▶ _Dataset excerpts_:
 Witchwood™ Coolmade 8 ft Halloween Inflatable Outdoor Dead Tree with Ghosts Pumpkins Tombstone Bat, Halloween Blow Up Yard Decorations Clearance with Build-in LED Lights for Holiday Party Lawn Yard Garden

---

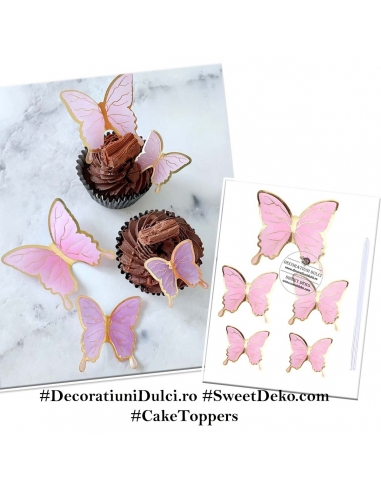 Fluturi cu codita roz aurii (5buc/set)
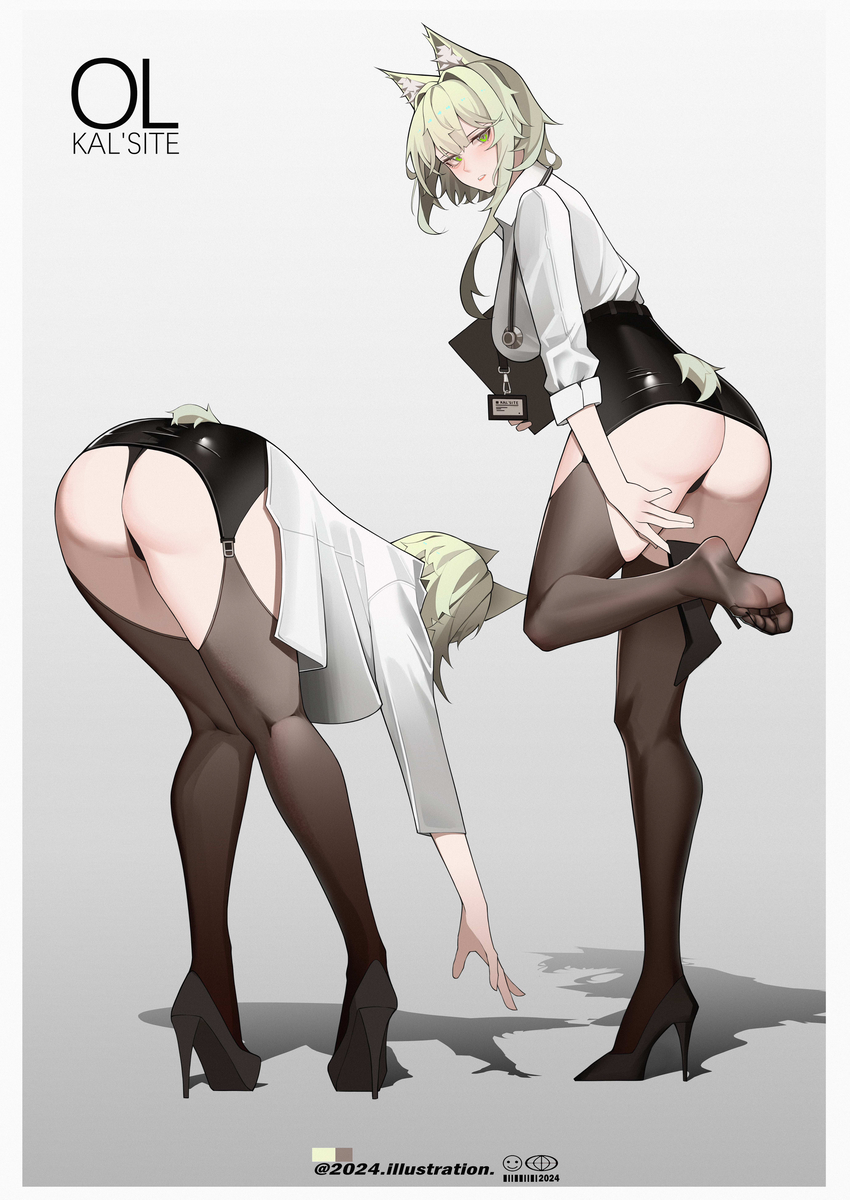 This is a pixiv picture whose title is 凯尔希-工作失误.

▶ _Task statement_: Beginning at the line above that contains "Fluturi cu codita roz aurii (5buc/set)" and going on through the line that contains "This is a pixiv", please copy every line exactly, leaving the pictures out and adding nothing.

▶ _Task output_:
 Fluturi cu codita roz aurii (5buc/set)
 This is a pixiv picture whose title is 凯尔希-工作失误.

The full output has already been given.